L'histoire :
Le 9 janvier 2003, Majid, en provenance de Dakar, met les pieds sur le territoire français à l’aéroport de Paris-Charles-De-Gaulle. Muni d’un visa touristique, il vient rendre visite à Saly, sa belle-sœur, qui vit dans le XVIéme. C’est d’ailleurs elle qui lui fait la surprise de venir le chercher avec sa petite fille. Elle lui offre d’entrée un gros manteau bien chaud, la température n’ayant rien de comparable avec celle du Sénégal. Pour la remercier, Majid offre le taxi. Arrivés dans le petit studio de Saly, Majid prend ses repères et goutte ses premiers surgelés français, qu’il trouve terriblement fades, car absolument pas pimentés. Le lendemain, il visite la Capitale et reste baba devant les monuments et le luxe parisien. Cette vie n’est pas pour lui déplaire. Aussi, si Majid veut concrétiser son projet de s’installer définitivement en France une fois son visa expiré, il lui faut très rapidement trouver un travail pour ne pas rester à la charge de sa belle-sœur. Bientôt, il apprend qu’on cherche des vigiles payés au black. Chance ou début de galère ?
Ce qu'on en pense sur la planète BD :
Pour livrer ce récit émouvant en 130 pages, Pierre Fouillet et Majide Bâ choisissent de se mettre à hauteur d’Homme plutôt que de faire vibrer la corde du pathos. Témoignage au cordeau de plus de 6 ans de galère d’un « sans-papiers » sénégalais, l’histoire de Majid ne revêt jamais les allures de drame. Et pourtant… Des premiers espoirs aux premières déconvenues ; de l’exploitation ordinaire ; de la faim qui tenaille (et offre pour pitance luxueuse une sardine quotidienne à notre « cannibale »), à la trouille permanente de se faire embarquer ; aux maigres salaires aussitôt arnaqués en passant par l’épuisement ou les joies de l’aide sociale labyrinthique : le parcours de cet immigré en quête d’Eldorado français est loin d’être un long fleuve tranquille. Néanmoins, le récit manie très habilement les émotions pour envelopper la tragédie de couleurs, de sourire et d’humanité, en confiant sa rythmique à un « personnage » central très rapidement attachant. L’exercice joue alors sa partition sociétale et politique sans militantisme forcené. Il expose aussi la problématique sans jugement, en usant juste de la force et du recul du témoignage.

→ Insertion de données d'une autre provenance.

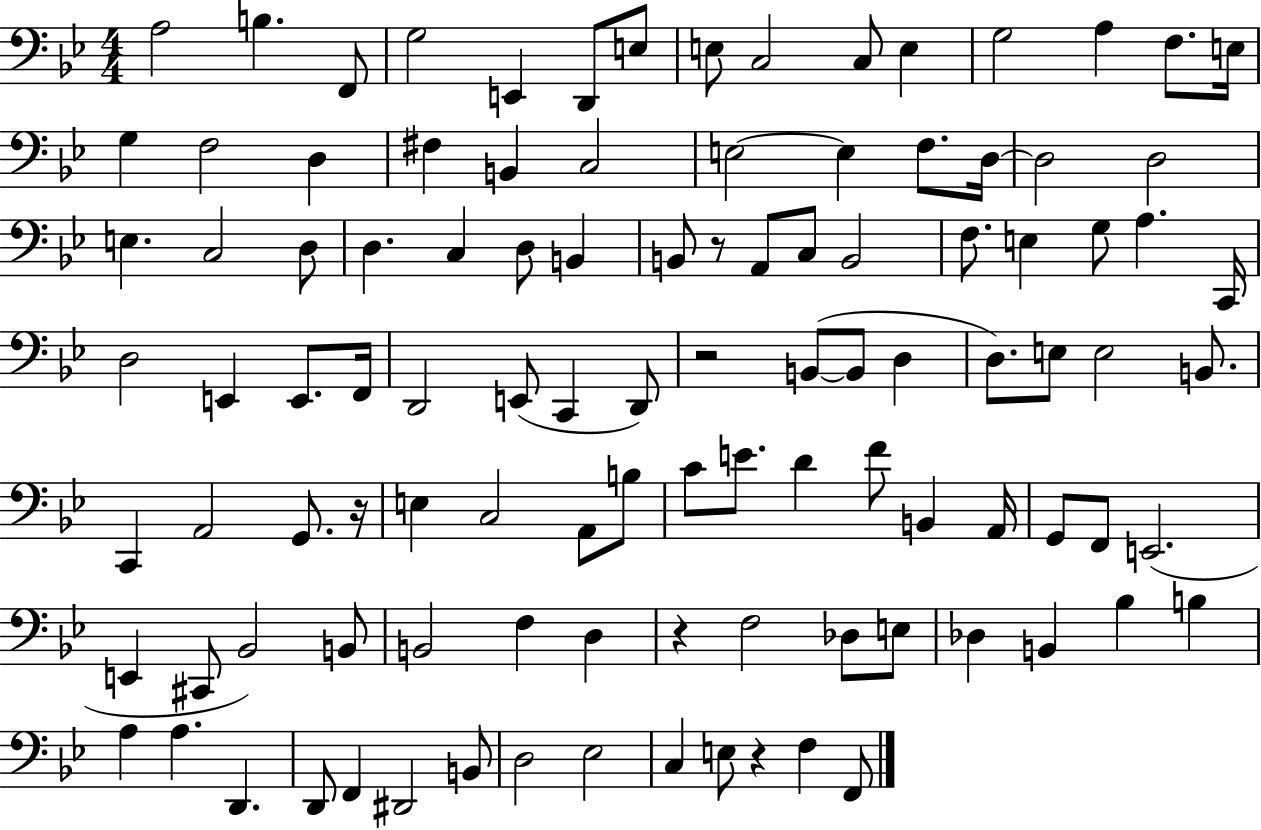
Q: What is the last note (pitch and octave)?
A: F2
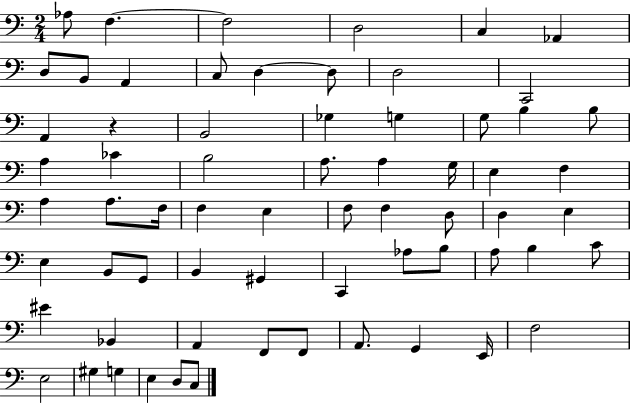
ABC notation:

X:1
T:Untitled
M:2/4
L:1/4
K:C
_A,/2 F, F,2 D,2 C, _A,, D,/2 B,,/2 A,, C,/2 D, D,/2 D,2 C,,2 A,, z B,,2 _G, G, G,/2 B, B,/2 A, _C B,2 A,/2 A, G,/4 E, F, A, A,/2 F,/4 F, E, F,/2 F, D,/2 D, E, E, B,,/2 G,,/2 B,, ^G,, C,, _A,/2 B,/2 A,/2 B, C/2 ^E _B,, A,, F,,/2 F,,/2 A,,/2 G,, E,,/4 F,2 E,2 ^G, G, E, D,/2 C,/2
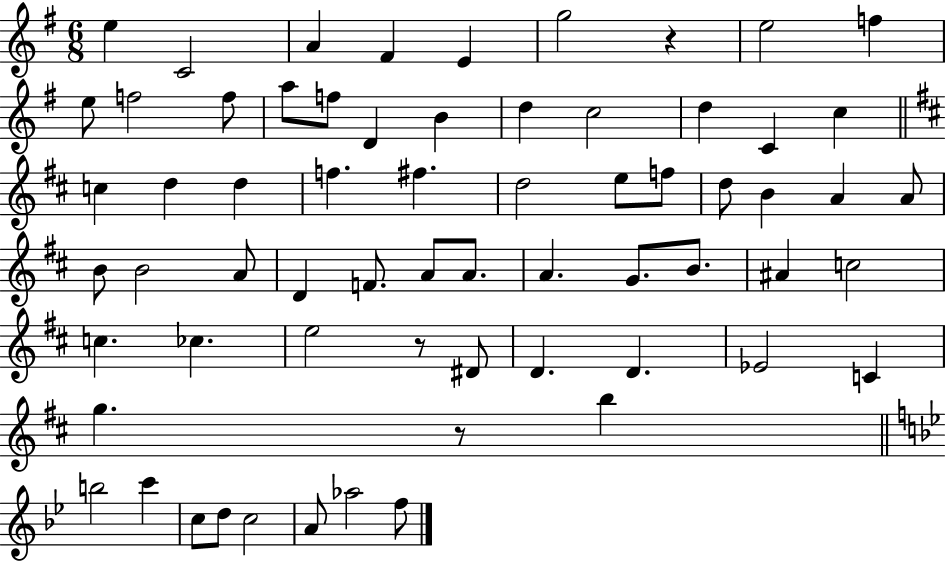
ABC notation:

X:1
T:Untitled
M:6/8
L:1/4
K:G
e C2 A ^F E g2 z e2 f e/2 f2 f/2 a/2 f/2 D B d c2 d C c c d d f ^f d2 e/2 f/2 d/2 B A A/2 B/2 B2 A/2 D F/2 A/2 A/2 A G/2 B/2 ^A c2 c _c e2 z/2 ^D/2 D D _E2 C g z/2 b b2 c' c/2 d/2 c2 A/2 _a2 f/2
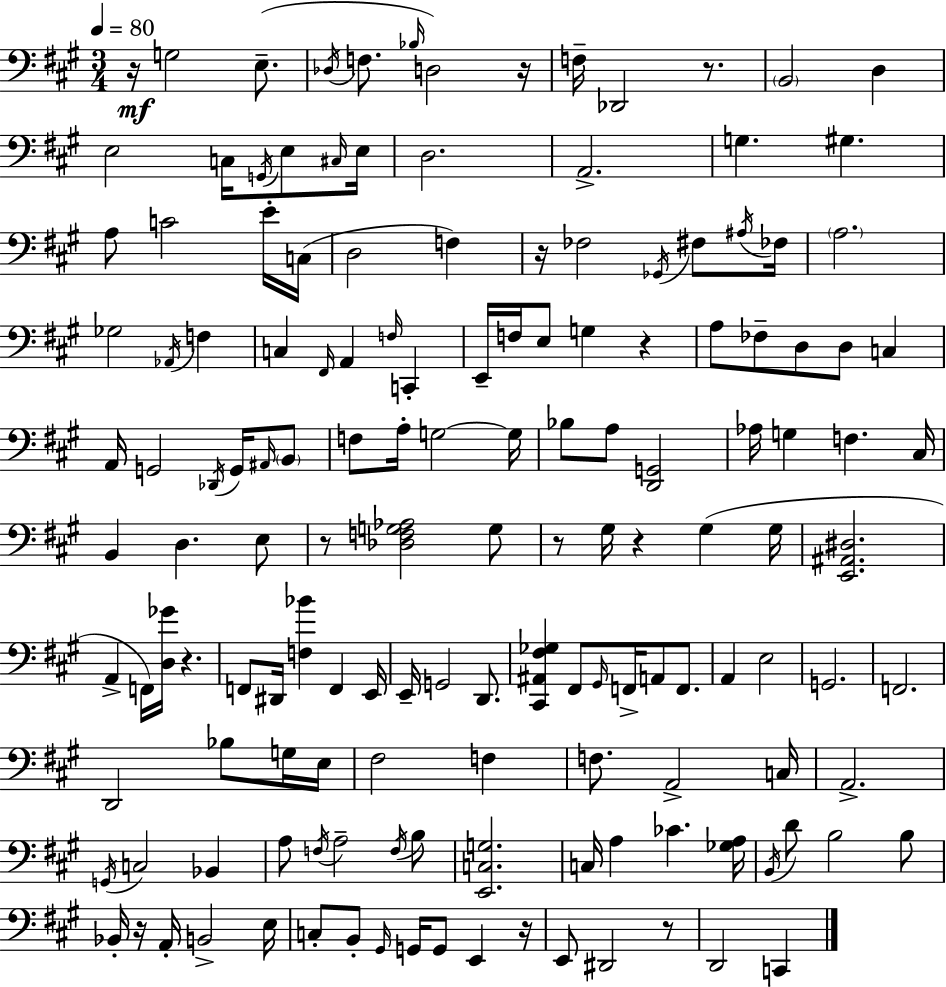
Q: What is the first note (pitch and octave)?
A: G3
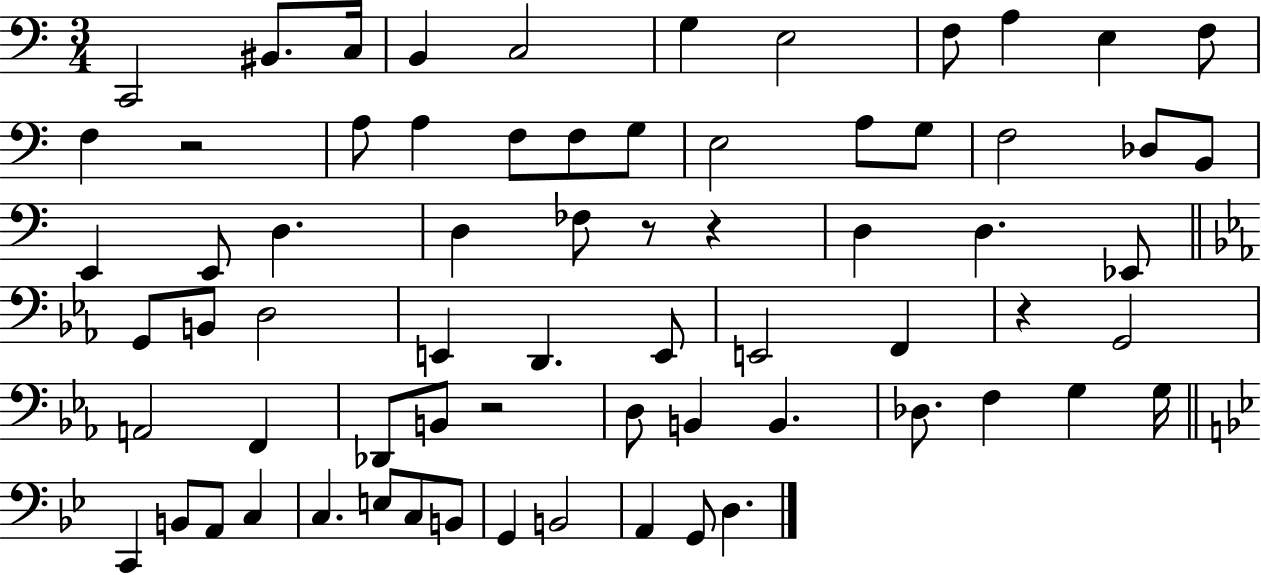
X:1
T:Untitled
M:3/4
L:1/4
K:C
C,,2 ^B,,/2 C,/4 B,, C,2 G, E,2 F,/2 A, E, F,/2 F, z2 A,/2 A, F,/2 F,/2 G,/2 E,2 A,/2 G,/2 F,2 _D,/2 B,,/2 E,, E,,/2 D, D, _F,/2 z/2 z D, D, _E,,/2 G,,/2 B,,/2 D,2 E,, D,, E,,/2 E,,2 F,, z G,,2 A,,2 F,, _D,,/2 B,,/2 z2 D,/2 B,, B,, _D,/2 F, G, G,/4 C,, B,,/2 A,,/2 C, C, E,/2 C,/2 B,,/2 G,, B,,2 A,, G,,/2 D,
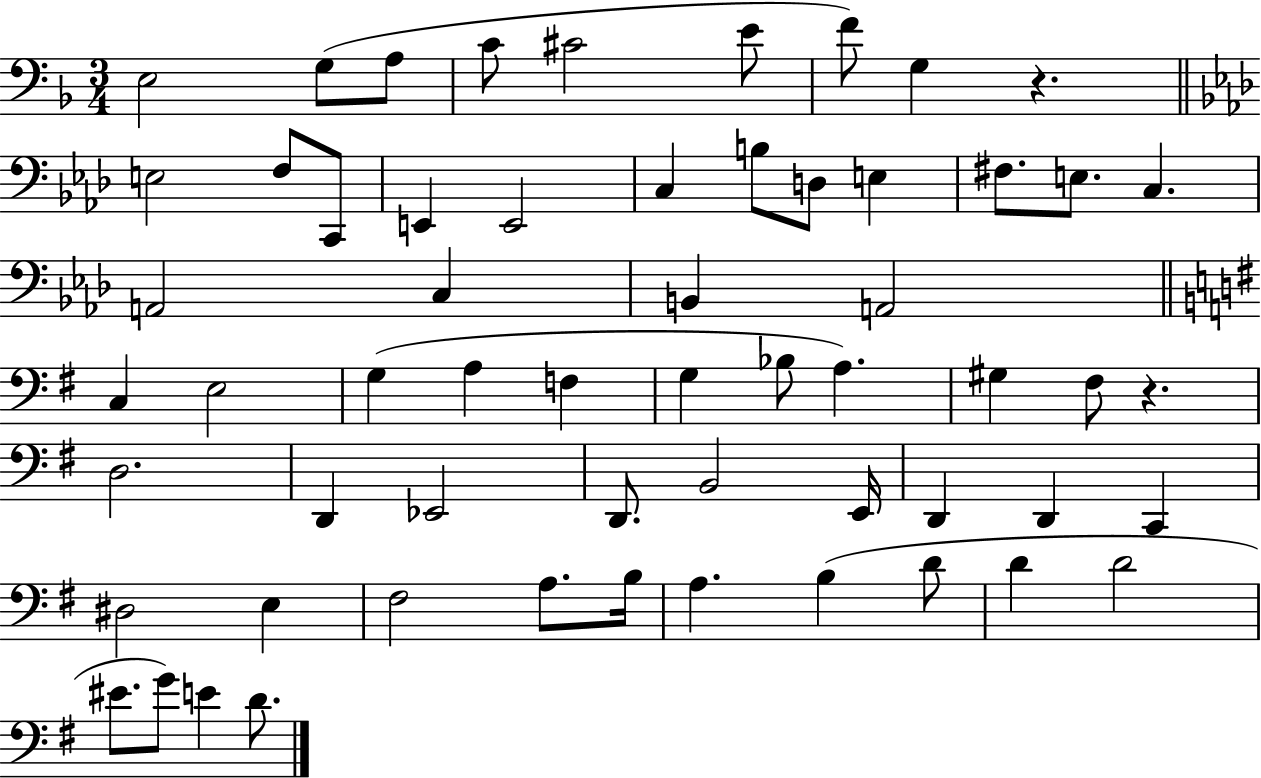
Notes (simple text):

E3/h G3/e A3/e C4/e C#4/h E4/e F4/e G3/q R/q. E3/h F3/e C2/e E2/q E2/h C3/q B3/e D3/e E3/q F#3/e. E3/e. C3/q. A2/h C3/q B2/q A2/h C3/q E3/h G3/q A3/q F3/q G3/q Bb3/e A3/q. G#3/q F#3/e R/q. D3/h. D2/q Eb2/h D2/e. B2/h E2/s D2/q D2/q C2/q D#3/h E3/q F#3/h A3/e. B3/s A3/q. B3/q D4/e D4/q D4/h EIS4/e. G4/e E4/q D4/e.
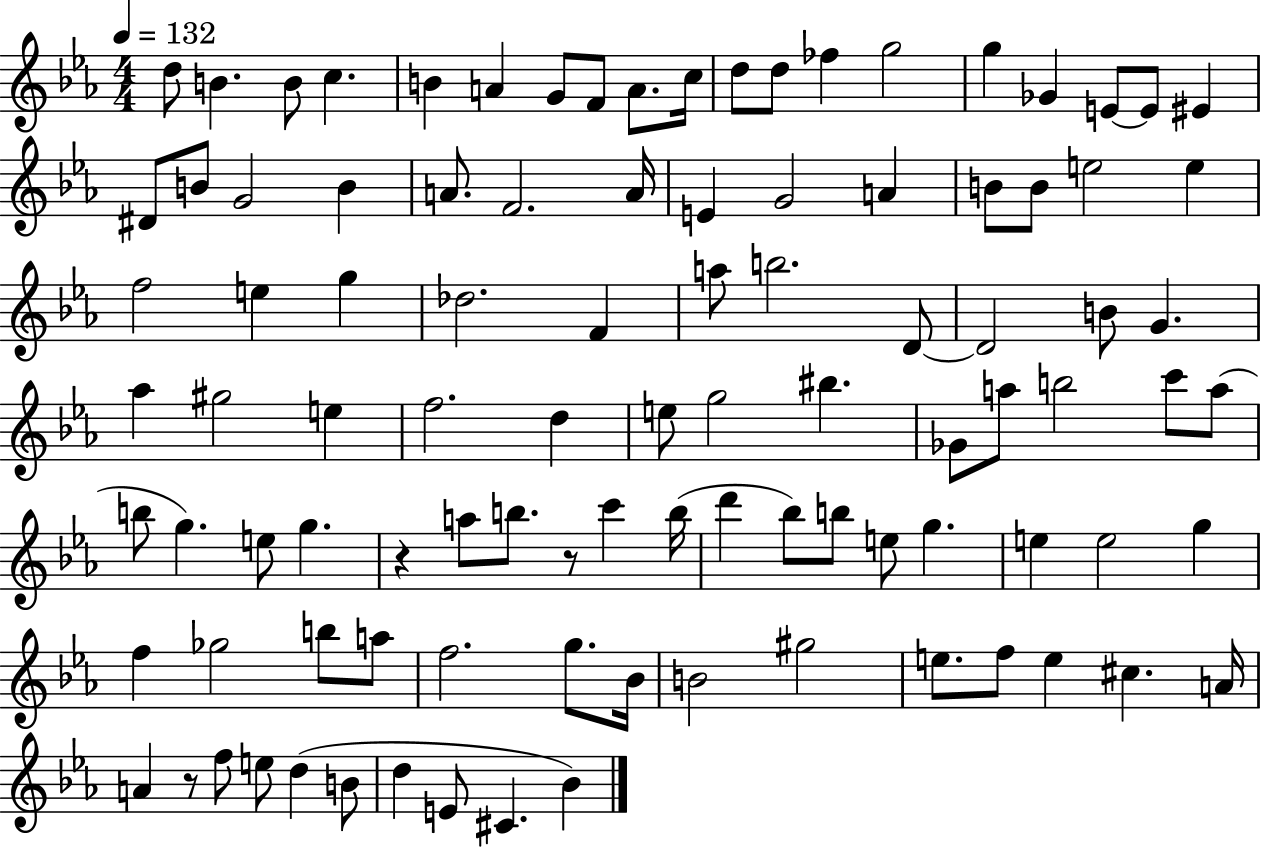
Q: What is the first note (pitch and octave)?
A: D5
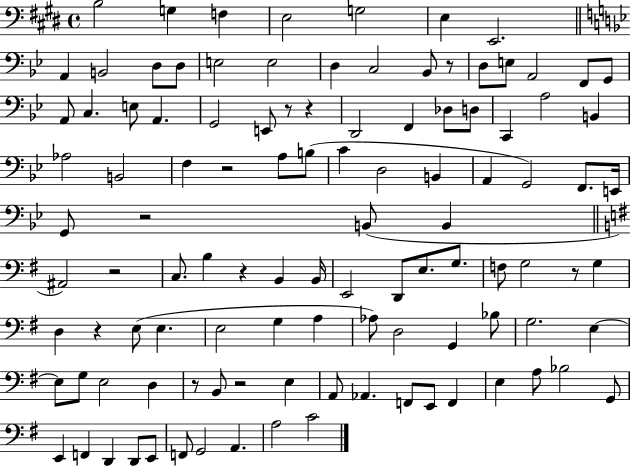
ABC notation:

X:1
T:Untitled
M:4/4
L:1/4
K:E
B,2 G, F, E,2 G,2 E, E,,2 A,, B,,2 D,/2 D,/2 E,2 E,2 D, C,2 _B,,/2 z/2 D,/2 E,/2 A,,2 F,,/2 G,,/2 A,,/2 C, E,/2 A,, G,,2 E,,/2 z/2 z D,,2 F,, _D,/2 D,/2 C,, A,2 B,, _A,2 B,,2 F, z2 A,/2 B,/2 C D,2 B,, A,, G,,2 F,,/2 E,,/4 G,,/2 z2 B,,/2 B,, ^A,,2 z2 C,/2 B, z B,, B,,/4 E,,2 D,,/2 E,/2 G,/2 F,/2 G,2 z/2 G, D, z E,/2 E, E,2 G, A, _A,/2 D,2 G,, _B,/2 G,2 E, E,/2 G,/2 E,2 D, z/2 B,,/2 z2 E, A,,/2 _A,, F,,/2 E,,/2 F,, E, A,/2 _B,2 G,,/2 E,, F,, D,, D,,/2 E,,/2 F,,/2 G,,2 A,, A,2 C2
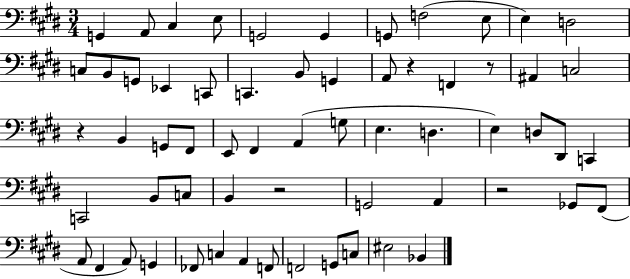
X:1
T:Untitled
M:3/4
L:1/4
K:E
G,, A,,/2 ^C, E,/2 G,,2 G,, G,,/2 F,2 E,/2 E, D,2 C,/2 B,,/2 G,,/2 _E,, C,,/2 C,, B,,/2 G,, A,,/2 z F,, z/2 ^A,, C,2 z B,, G,,/2 ^F,,/2 E,,/2 ^F,, A,, G,/2 E, D, E, D,/2 ^D,,/2 C,, C,,2 B,,/2 C,/2 B,, z2 G,,2 A,, z2 _G,,/2 ^F,,/2 A,,/2 ^F,, A,,/2 G,, _F,,/2 C, A,, F,,/2 F,,2 G,,/2 C,/2 ^E,2 _B,,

Aussi, bien vite, on se laisse absorber comme s’il s’agissait d’une fiction, par les enjeux de ce destin : Majid réussira-t-il son pari ? Lui, l’invisible dilué dans cette masse intouchable, a-t-il pris son dernier billet pour une descente aux enfers ? Son soleil peut-il encore briller ? Pour le savoir, il nous suffira simplement de vous confier aux ocres et aux gris du dessin ou au rythme narratif parfaitement ciselé par la mise en scène de Pierre Fouillet et découvrir ce témoignage édifiant.